Exon skipping is a treatment approach for people whose Duchenne muscular dystrophy (DMD) is due to certain mutations in its causative gene.

Duchenne is the most common and severe type of muscular dystrophy (MD), marked by progressive muscle degeneration. Mutations in the DMD gene, which encodes for a protein called dystrophin, cause DMD, which mostly affects boys.

Dystrophin works with other proteins to maintain the integrity and structure of muscle fibers in skeletal muscles and in muscles of the heart. (Skeletal muscles are those that control movement.) In DMD patients, a mutation in the DMD gene leads to a lack of dystrophin production. As a result, cardiac and skeletal muscles weaken and are progressively damaged, with disease symptoms beginning to be evident in early childhood.

Becker muscular dystrophy (BMD) is a variant of DMD with a slower progression. In Becker patients, the body produces a short version of dystrophin. Skeletal and heart muscles are somewhat healthier and better retain their function, but they also slowly degrade over time.

Exon skipping works like a molecular patch, so that the DMD gene can produce a shorter version of the dystrophin protein to help protect and maintain the strength of muscle fibers.

How do DMD mutations cause the disease?

When cells are making protein, they first make a copy of the gene that encodes for that protein. This copy is called messenger RNA or mRNA. Genes consist of alternating pieces, called exons and introns. Exons contain the information necessary to build proteins. Introns do not, and cells typically cut them from the mRNA before protein synthesis. They then fit the remaining exons back together, like pieces of a puzzle, to make them into a protein.

The DMD gene, which has 79 exons, is the largest gene in the human genome. DMD mutations can cause one or more exons to be missing. With Duchenne, once cells remove the introns, the remaining exons do not fit together properly, and they cannot be made into a working protein. A complete absence of the dystrophin protein results.

Exons can also be missing due to DMD mutations in Becker, but the remaining exons are still able to fit together and the cell’s protein-making machinery can read them. This results in the production of a shorter, but still functional, dystrophin protein — and a less severe form of MD.

How does exon skipping work?

The idea behind exon skipping is to mask specific exons in a gene sequence. In DMD patients, one or more exons can be masked with artificial pieces of mRNA that work like patches at the place in the DMD gene where one or more exons are missing, breaking the ability of the remaining exons to link together. Masking (or skipping) one or more exons at that break works to establish a “fit” with nearby exons, essentially resulting in a situation similar to BMD. Cells can again produce a smaller but functional dystrophin protein.
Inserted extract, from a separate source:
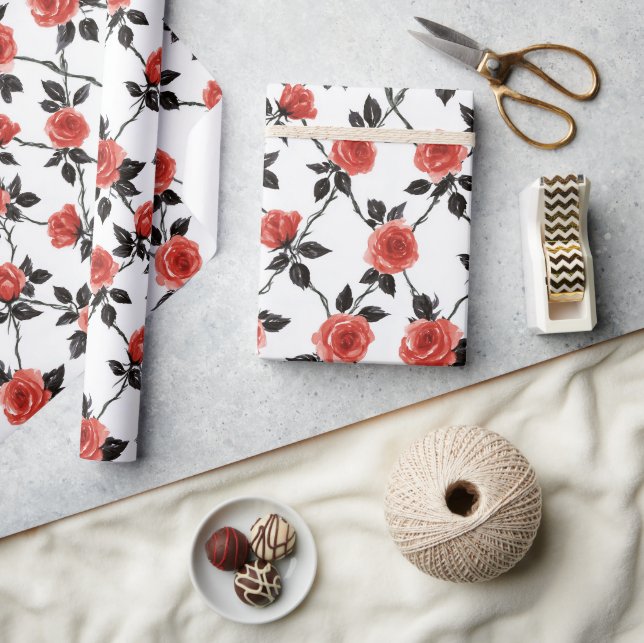 Rote Blumen Schwarze Blätter Geburtstag Geschenkpapier (Kunsthandwerk)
Because the deletion of different exons along the length of the DMD gene can cause Duchenne, mRNA patches for a given exon will not work for all patients. For example, exon 51 skipping will only work in about 13% of DMD patients, because the disease in these people is amenable to masking exon 51. Other patients may need exons 53 or 45, for instance, to be skipped for their remaining exons to fit together and protein production to resume.

Current exon skipping therapies

To date, the U.S. Food and Drug Administration (FDA) has approved three exon skipping therapies for DMD.
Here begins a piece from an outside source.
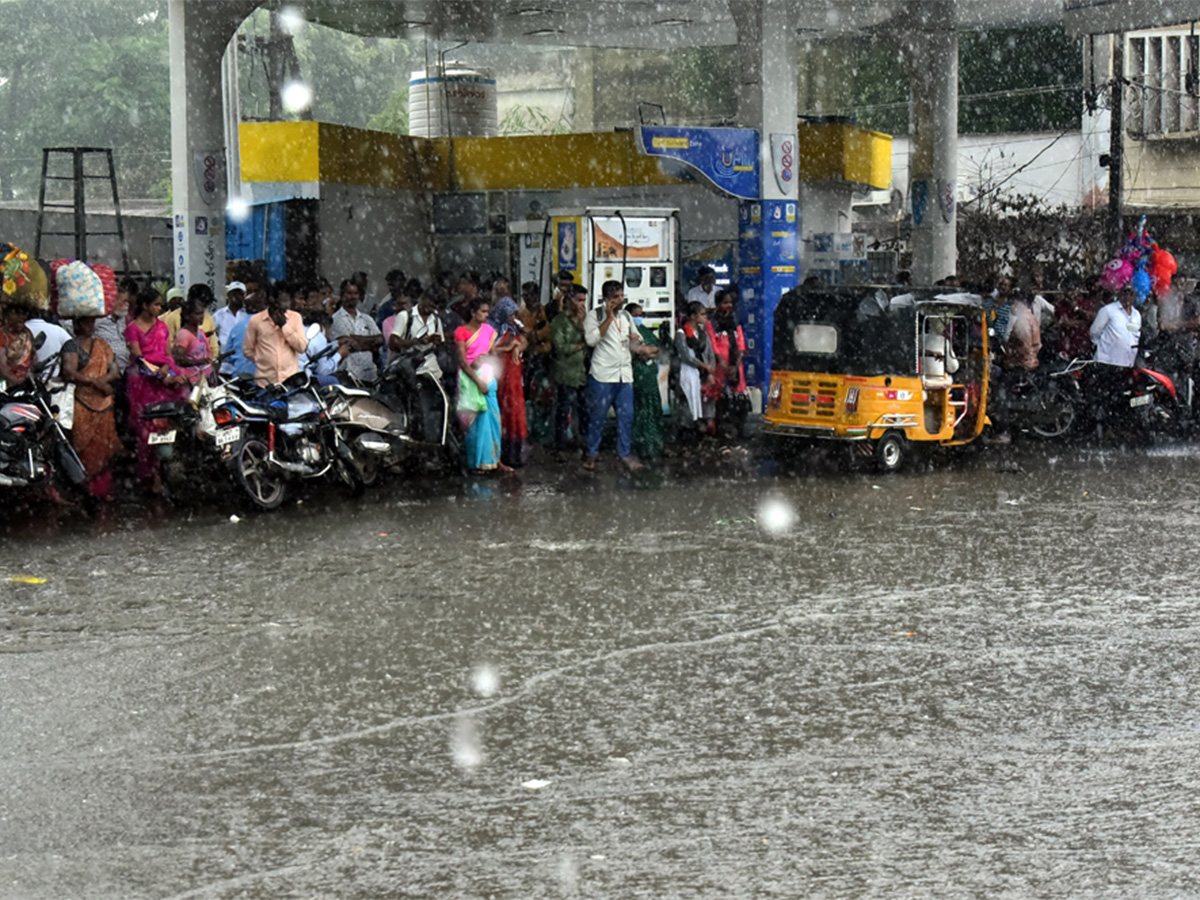 Cyclone Michaung Effect heavy rains in andhra pradesh photos - Sakshi28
Exondys 51 (eteplirsen) by Sarepta Therapeutics is an exon 51 skipping therapy.

Another DMD treatment by Sarepta, called Vyondys 53 (golodirsen), was approved in December 2019 for patients amenable to exon 53 skipping.

Viltepso (viltolarsen), developed by Nippon Shinyaku, was given conditional FDA approval in August 2020. It is also approved for patients in Japan.

A number of potential exon skipping therapies are also under testing in clinical trials.